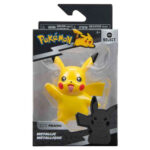 Figurina Select True-Color Metallic 7,5 cm in asort. Pokemon JAZWARES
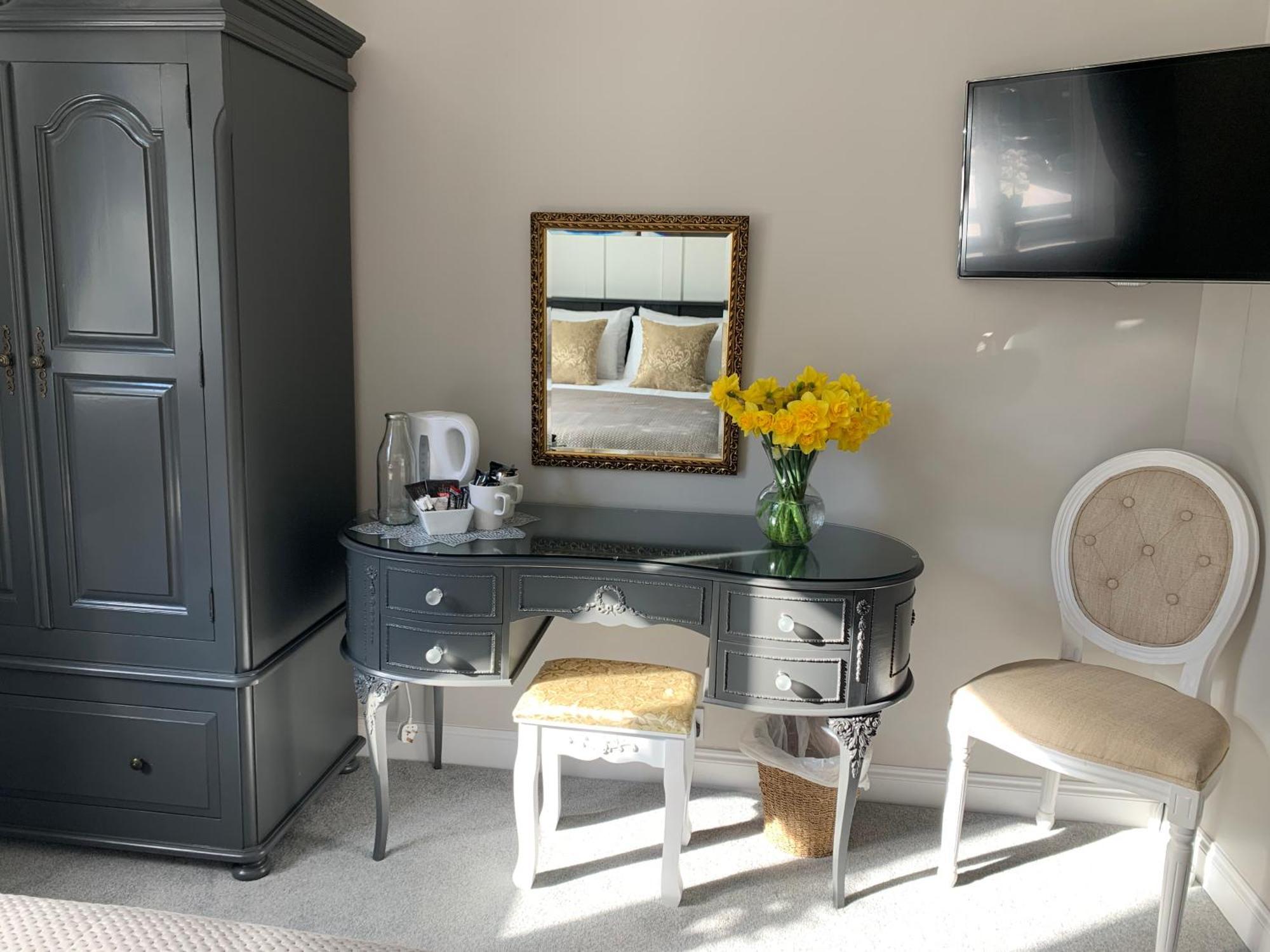 The Limes Hotell Swanage Rom bilde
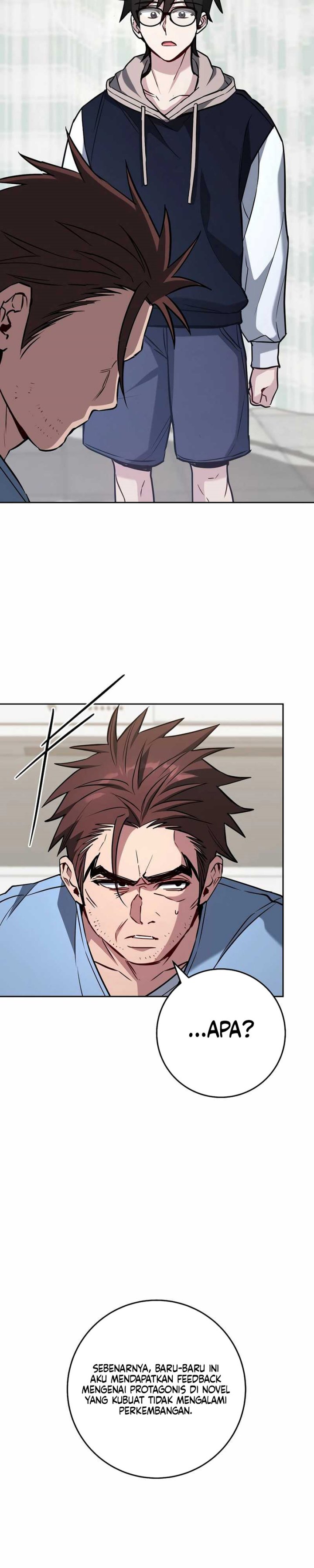 The Top Ranker’s Aspiring Writer Life Manual Chapter 17 Gambar 15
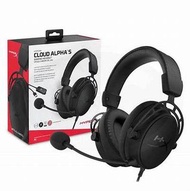 HyperX cloud alpha S 電競耳機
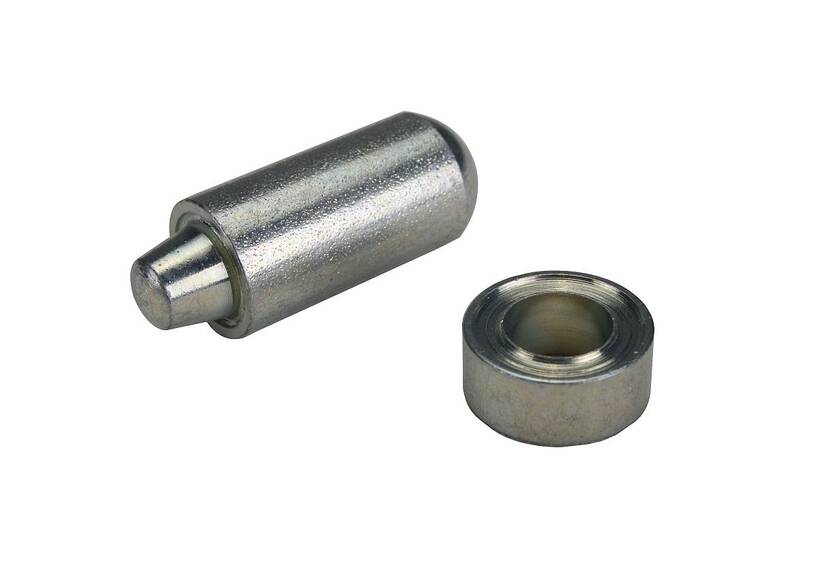 Holpijp 10 mm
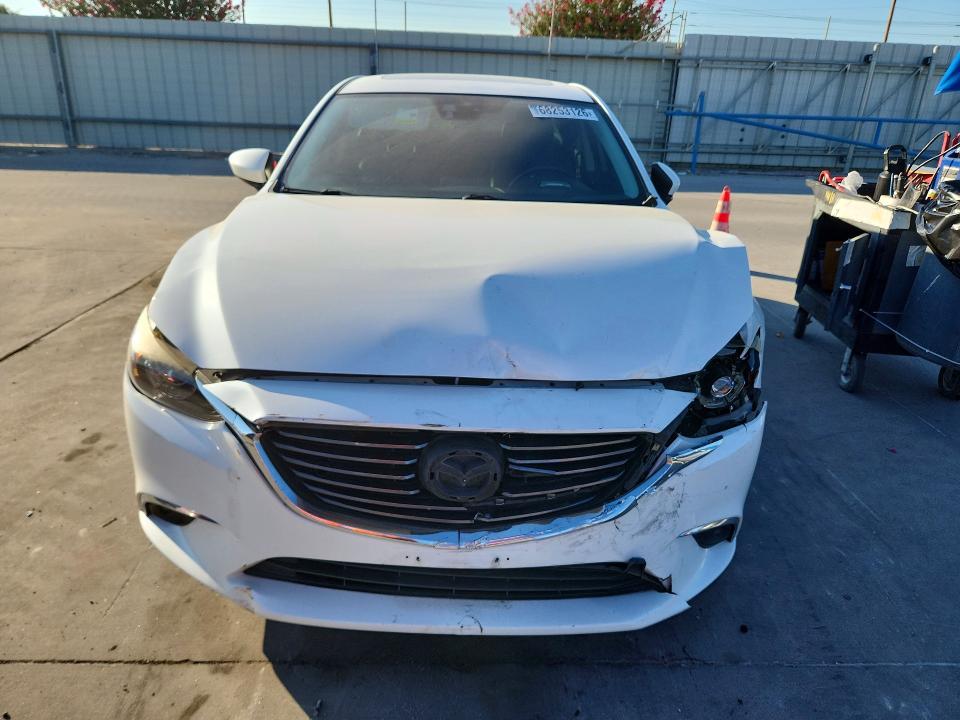 Продаж на аукціоні авто 2016 Mazda 6, vin: JM1GJ1W56G1430124, номер лоту: 68253126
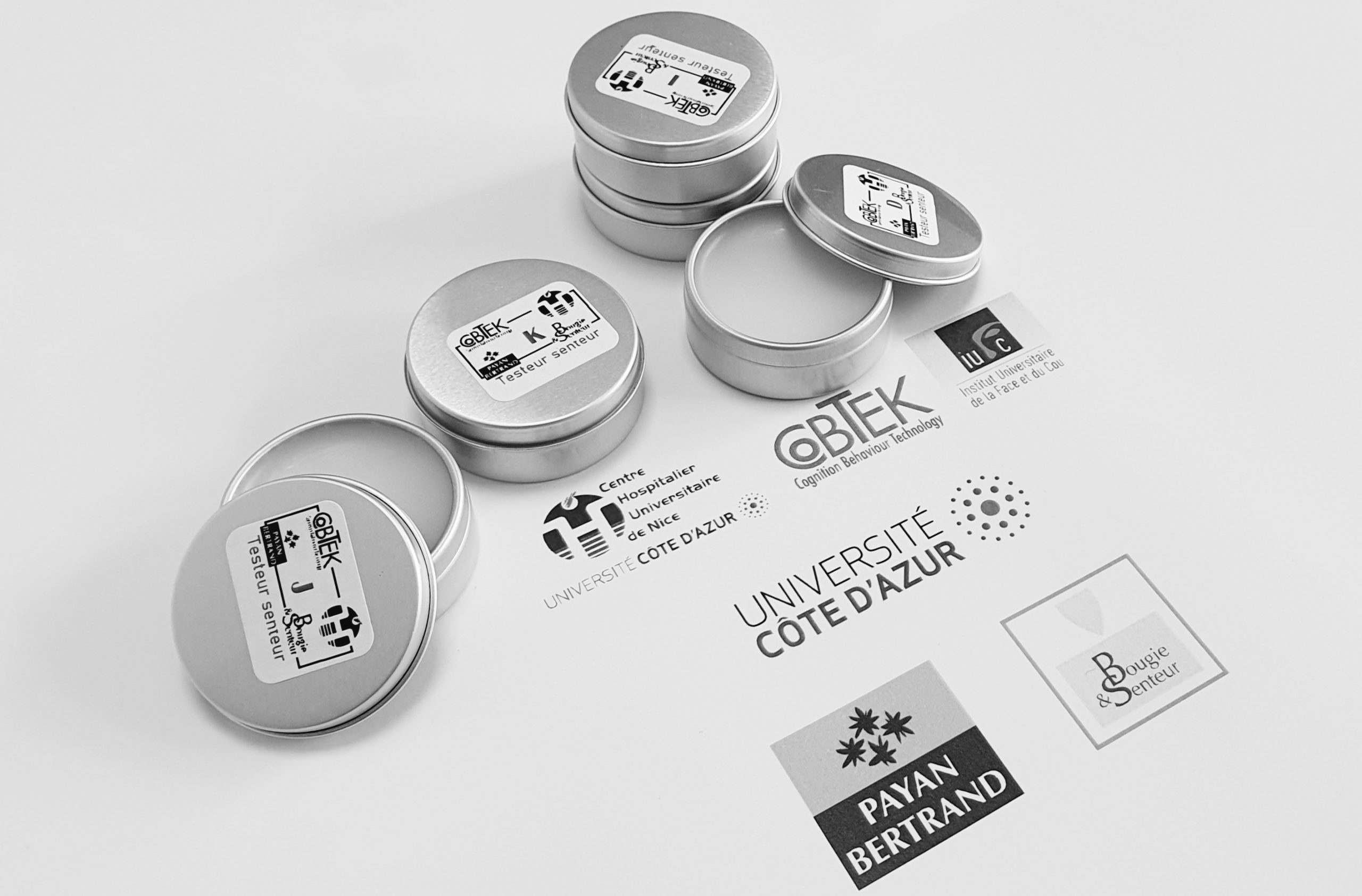 Kit D'Entraînement Olfactif | 100% Huiles Essentielles | Eucalyptus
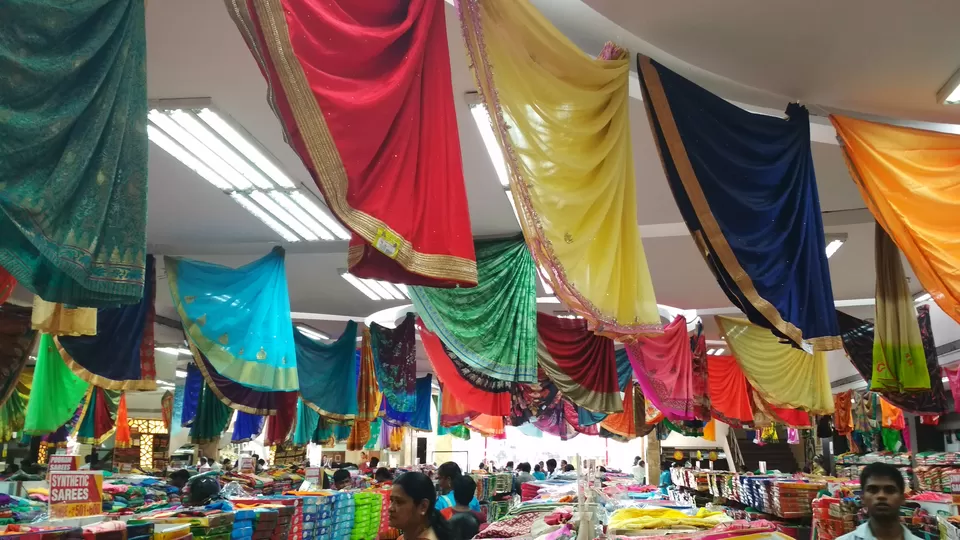Photo of T Nagar, Chennai, Tamil Nadu, India by Girish Hiranand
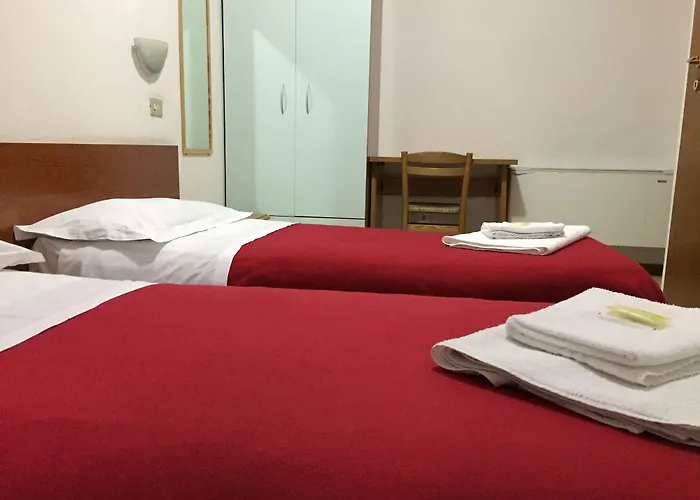 Adelchi Hotel Mailand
——
• Task objective: Every line above has to be output exactly; the pictures must be dropped.

• Your response:
 Figurina Select True-Color Metallic 7,5 cm in asort. Pokemon JAZWARES
 The Limes Hotell Swanage Rom bilde
 The Top Ranker’s Aspiring Writer Life Manual Chapter 17 Gambar 15
 HyperX cloud alpha S 電競耳機
 Holpijp 10 mm
 Продаж на аукціоні авто 2016 Mazda 6, vin: JM1GJ1W56G1430124, номер лоту: 68253126
 Kit D'Entraînement Olfactif | 100% Huiles Essentielles | Eucalyptus
Photo of T Nagar, Chennai, Tamil Nadu, India by Girish Hiranand
 Adelchi Hotel Mailand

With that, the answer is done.